Da angioletto di carattere non mi faccio pregare e quindi Ti chiedo: “Serenità, tranquillità, pazienza e salute per mia mamma e mio papà. Per i nonni, oltre a questo, chiedo che si diano calmatina”.

Ore mi goto il tempo che mi resta prima di atterrare, qui nel mio mondo angelico, anche perché da quello che ho sentito dal mio Amico che vi conosce bene dalle vostre parti non siete troppo tranquilli.

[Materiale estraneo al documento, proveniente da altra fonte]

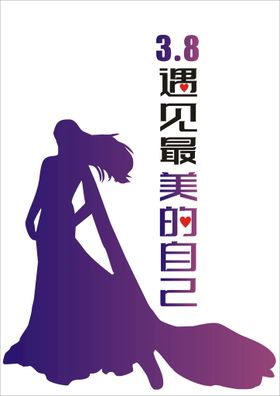 粉色3.8女神节促销海报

Caro Gesù Bambino, oggi che scendi sulla Terra, porta ancora una volta la pace a quei pochi uomini di buona volontà e fa capire a quelli che questa volontà non ce l’hanno di pensarci e cambiare.

So che voi mi avete visto, anch’io vi conosco ma non so che viso abbiate, sicuramente sarà bello. In attesa vi faccio i migliori auguri di Buon Natale.